All records below are to be transcribed exactly, with every picture left out.

__Caption-style text data__
_____
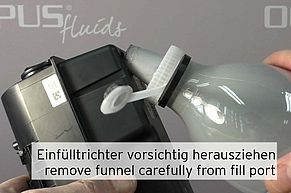 Remove funnel from fill port carefully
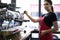 Portrait of attractive female barista working in cafeteria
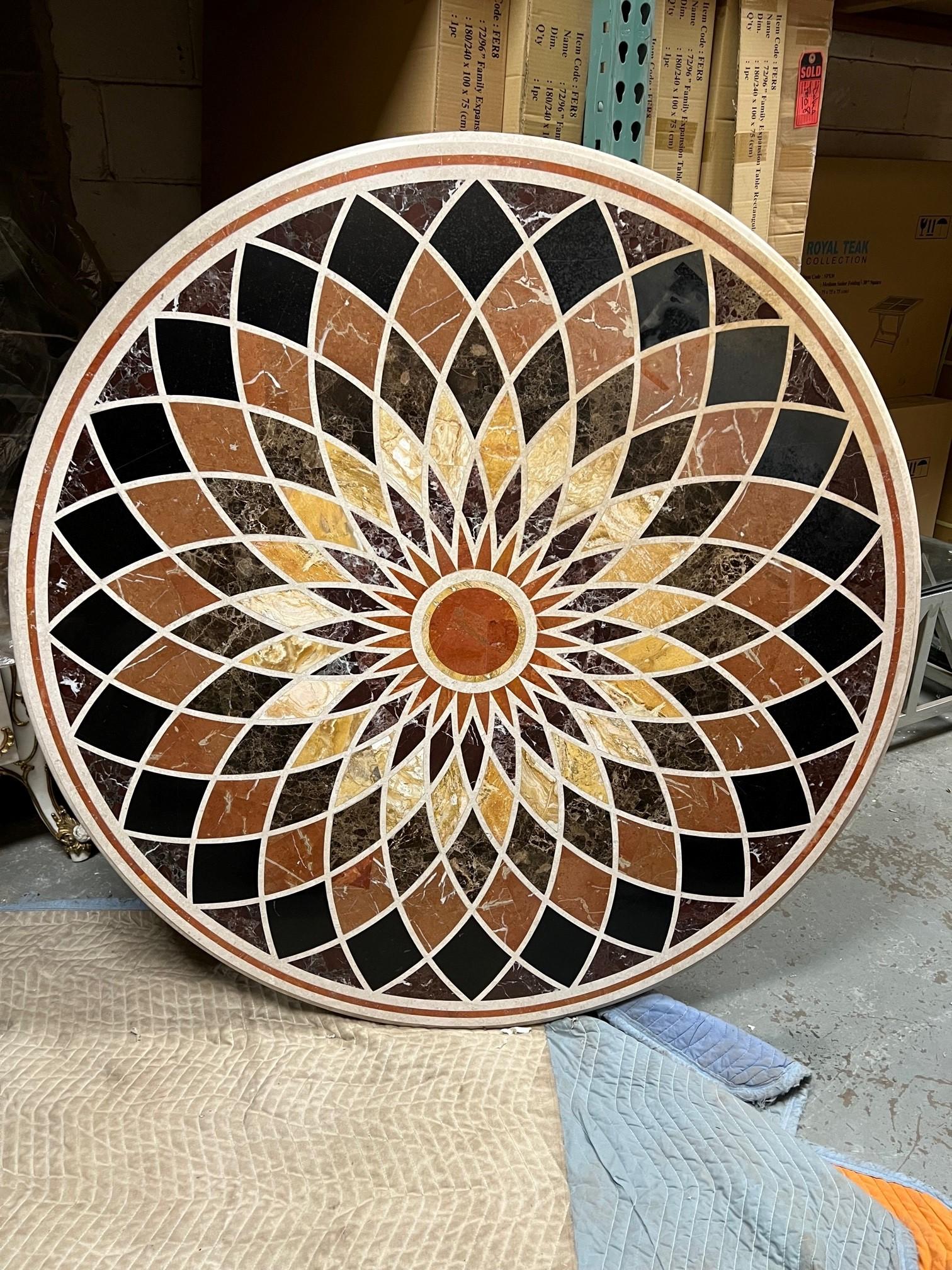 Beautiful Pietra Dura round table top with geometric shapes and a warm earth tone color palette.  Pietra Dura (Pietra=Stone, Dura=Hard) is the use of hard stones and semi precious stones in a mosaic. This craft started in Florence Italy in the late
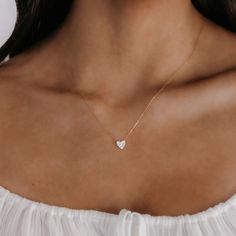 This 18K yellow gold pave' diamond heart necklace floats on an adjustable cable link chain. This luxurious staple is sure to send a message to your loved one. Curate an eye-catching statement look by matching this with the other natural beauties from our Diamond Jewelry Collection. Natural Diamonds: 0.20ctw 18K Yellow Gold Length: 18 Inches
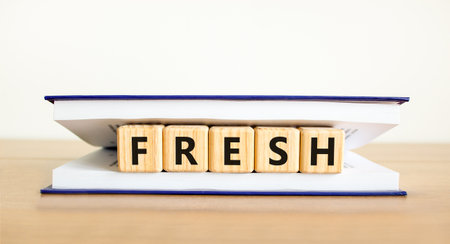 Fresh symbol. Concept word Fresh on beautiful wooden blocks in book. Beautiful wooden table white background. Copy space.の写真素材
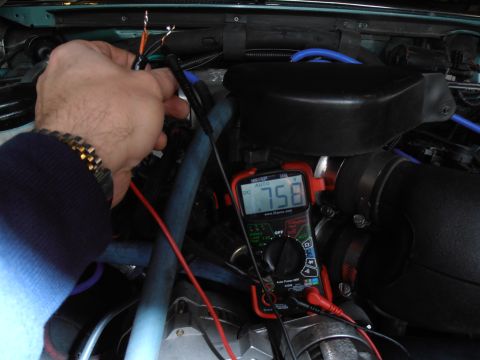 1990 Ford Bronco - Testing engine wiring with a multimeter, showing a DC voltage reading of 1.758.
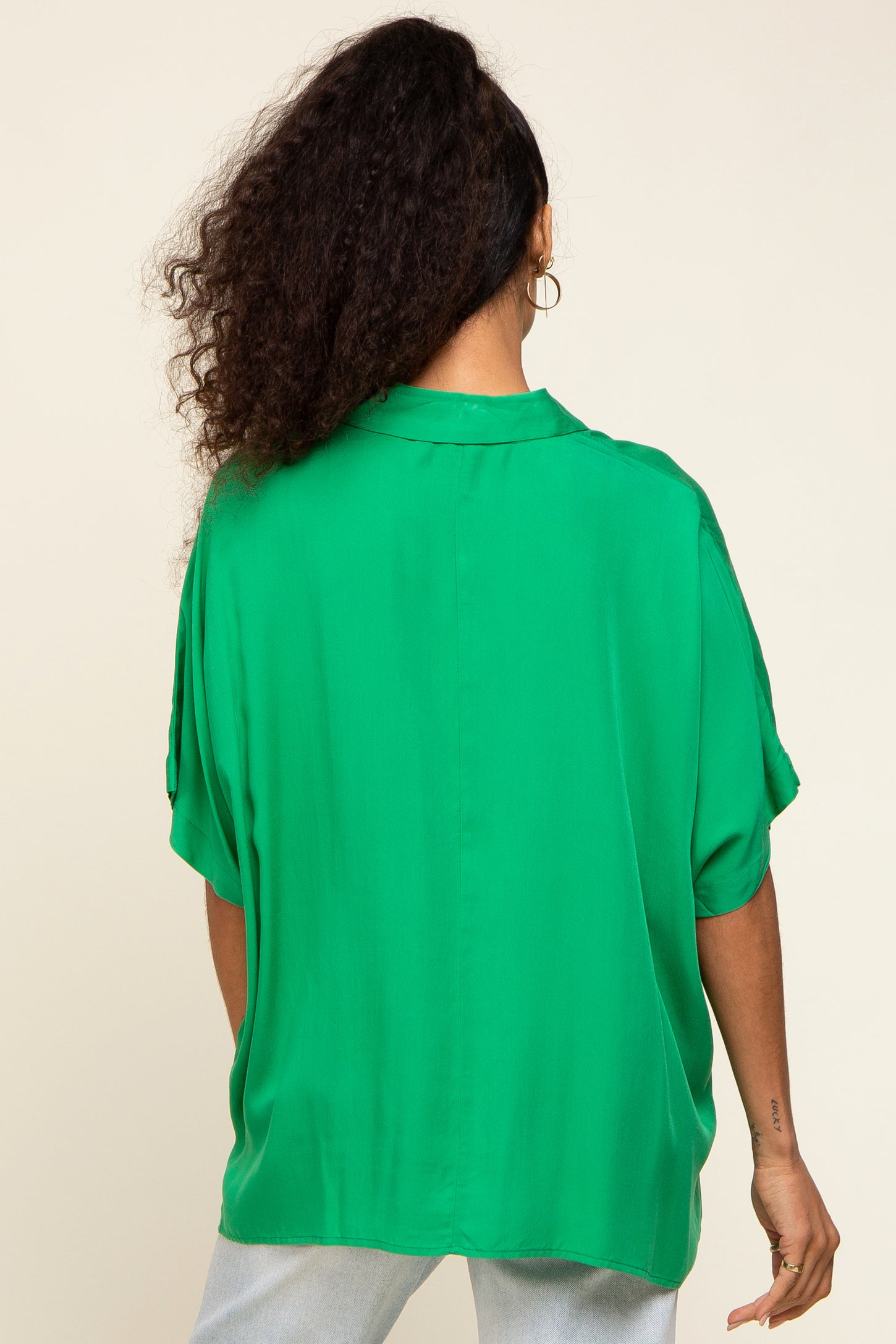 woman wearing a flowy green oversized blouse with short sleeves and a relaxed fit, viewed from the back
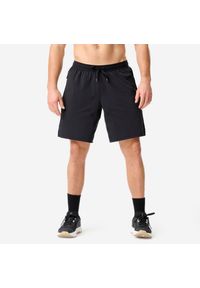 DOMYOS - Spodenki fitness Domyos. Kolor: czarny. Materiał: elastan, poliamid, materiał, poliester, guma. Sport: fitness #1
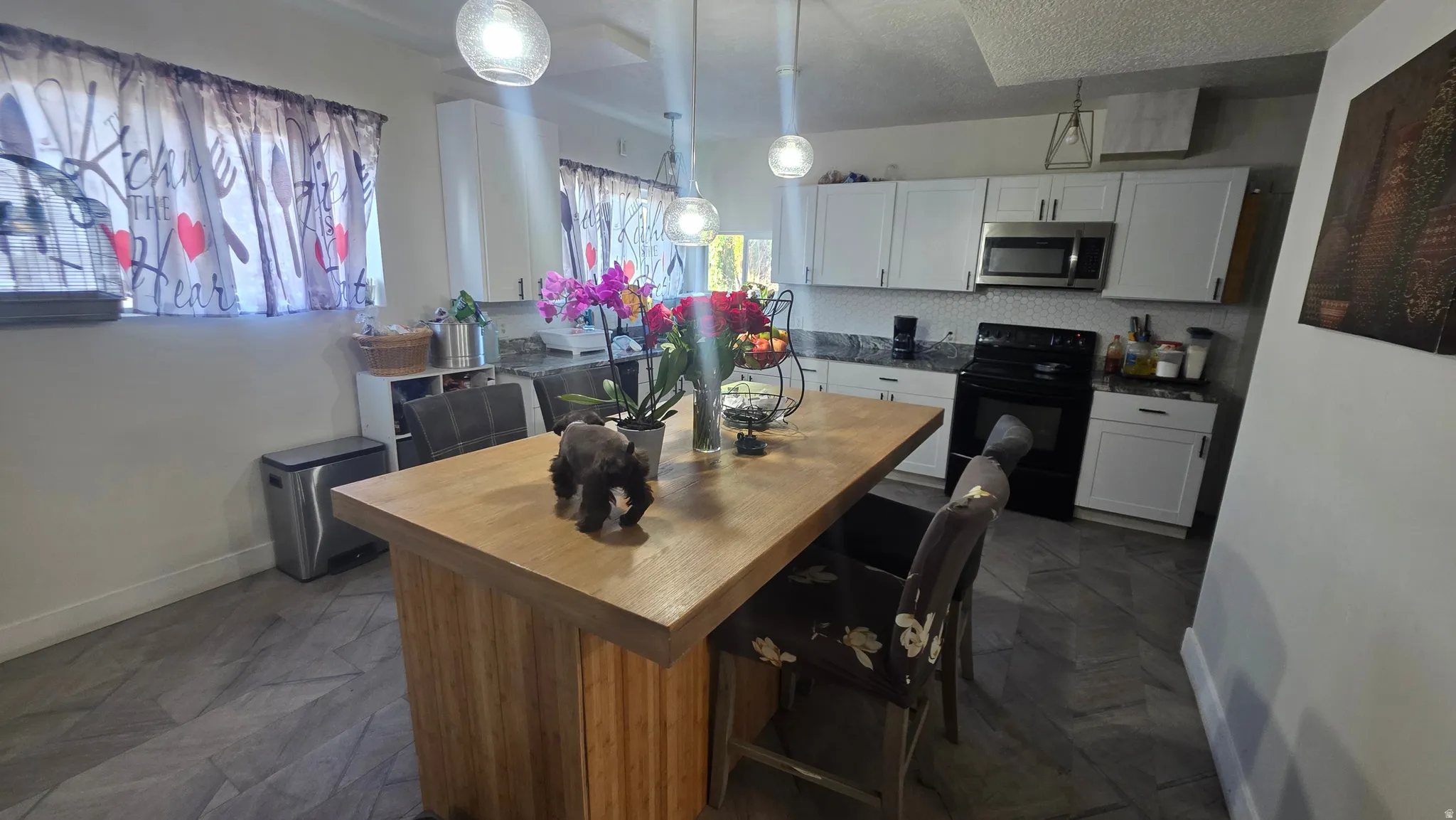 Kitchen featuring white cabinetry, dark countertops, a tiled backsplash, stainless steel microwave, and an island with a wood-finish top
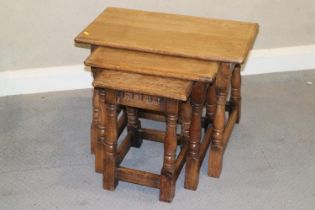 A nest of three oak occasional tables, on turned and stretchered splay supports, 24" wide x 13" deep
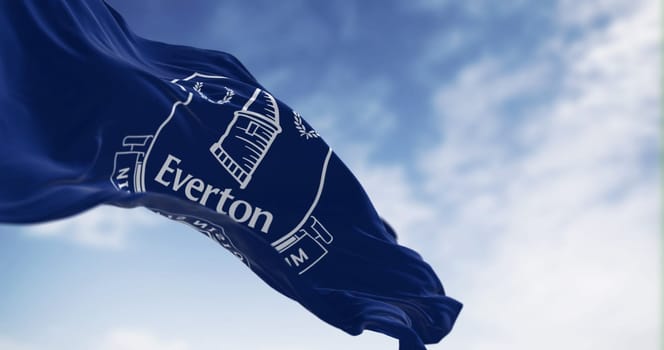 Liverpool, UK, Sept. 21 2023: Everton Football Club flag waving on a clear day. Professional english football club. Illustrative editorial 3d illustration render. English Premier League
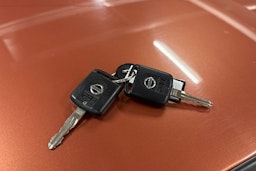 oranssi Nissan Note 2006 kuva 18.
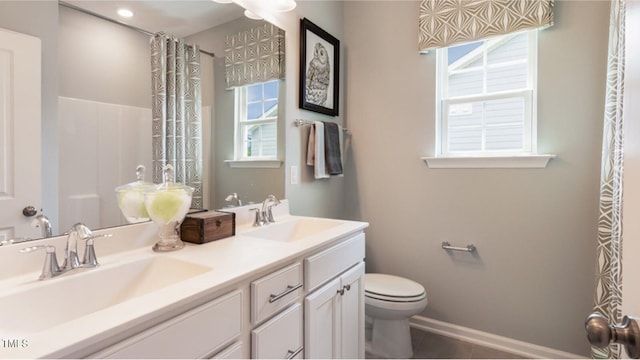 bathroom featuring vanity, a healthy amount of sunlight, and toilet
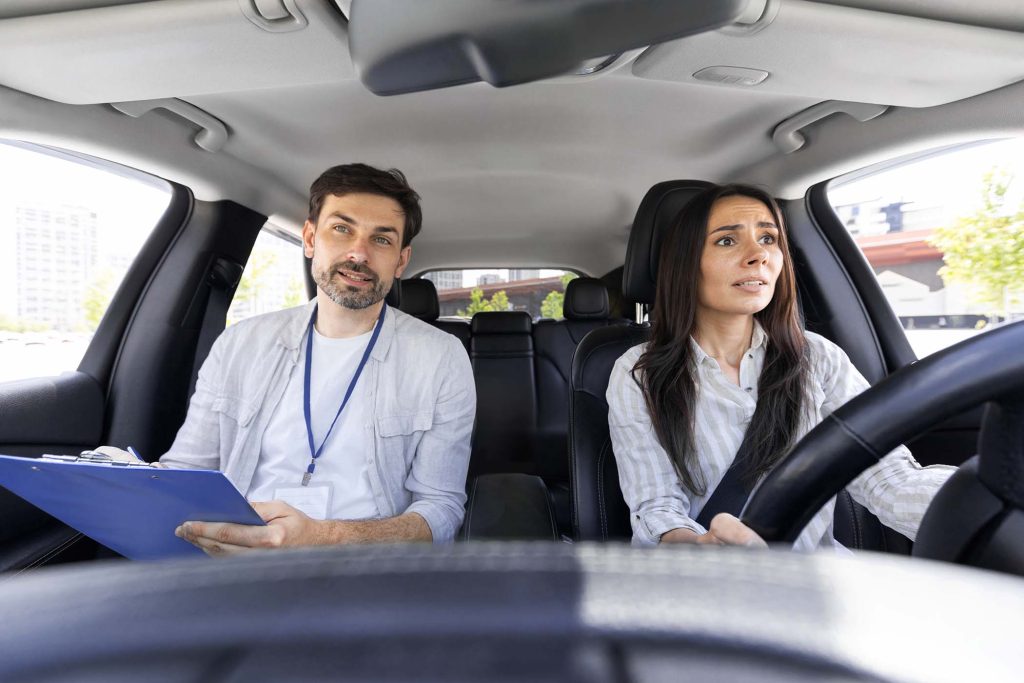 Unconfident millennial pretty woman driving car for first time with instructor handsome man giving her advices and tip. fear of driving concept. Scared lady attending driving school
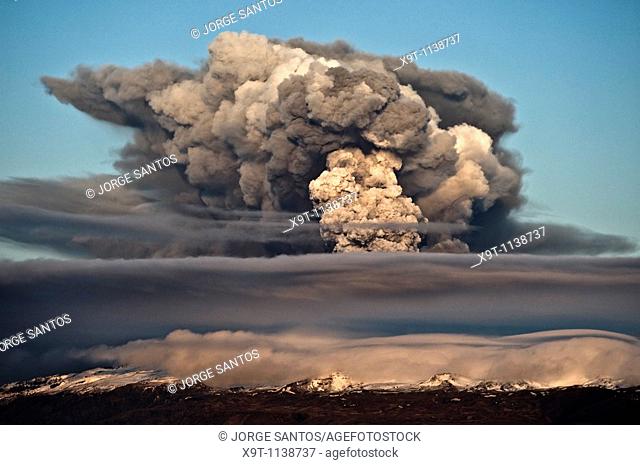 The ash plume of Eyjafjallajökull at sunset shortly after the start of the eruption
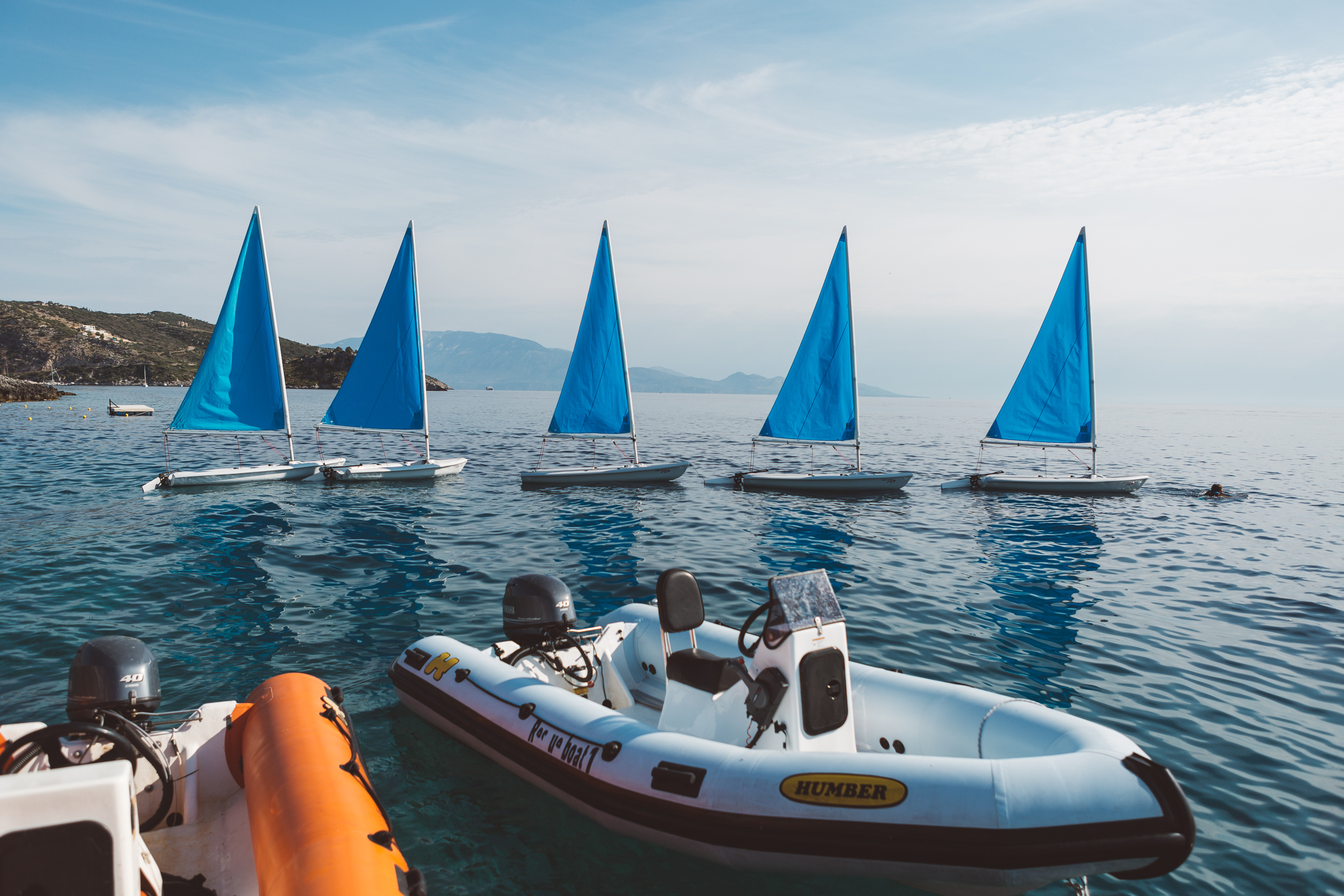 Five small sailboats with bright blue triangular sails lined up in a row on calm, deep blue water. In the foreground are inflatable dinghies with outboard motors, including a Humber brand boat. Mountains are visible in the hazy background under a partly cloudy sky, with a rocky coastline to the left.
_____
__EXERCISE SOLUTION__
 Remove funnel from fill port carefully
 Portrait of attractive female barista working in cafeteria
 Beautiful Pietra Dura round table top with geometric shapes and a warm earth tone color palette.  Pietra Dura (Pietra=Stone, Dura=Hard) is the use of hard stones and semi precious stones in a mosaic. This craft started in Florence Italy in the late
 This 18K yellow gold pave' diamond heart necklace floats on an adjustable cable link chain. This luxurious staple is sure to send a message to your loved one. Curate an eye-catching statement look by matching this with the other natural beauties from our Diamond Jewelry Collection. Natural Diamonds: 0.20ctw 18K Yellow Gold Length: 18 Inches
 Fresh symbol. Concept word Fresh on beautiful wooden blocks in book. Beautiful wooden table white background. Copy space.の写真素材
 1990 Ford Bronco - Testing engine wiring with a multimeter, showing a DC voltage reading of 1.758.
 woman wearing a flowy green oversized blouse with short sleeves and a relaxed fit, viewed from the back
 DOMYOS - Spodenki fitness Domyos. Kolor: czarny. Materiał: elastan, poliamid, materiał, poliester, guma. Sport: fitness #1
 Kitchen featuring white cabinetry, dark countertops, a tiled backsplash, stainless steel microwave, and an island with a wood-finish top
 A nest of three oak occasional tables, on turned and stretchered splay supports, 24" wide x 13" deep
 Liverpool, UK, Sept. 21 2023: Everton Football Club flag waving on a clear day. Professional english football club. Illustrative editorial 3d illustration render. English Premier League
 oranssi Nissan Note 2006 kuva 18.
 bathroom featuring vanity, a healthy amount of sunlight, and toilet
 Unconfident millennial pretty woman driving car for first time with instructor handsome man giving her advices and tip. fear of driving concept. Scared lady attending driving school
 The ash plume of Eyjafjallajökull at sunset shortly after the start of the eruption
 Five small sailboats with bright blue triangular sails lined up in a row on calm, deep blue water. In the foreground are inflatable dinghies with outboard motors, including a Humber brand boat. Mountains are visible in the hazy background under a partly cloudy sky, with a rocky coastline to the left.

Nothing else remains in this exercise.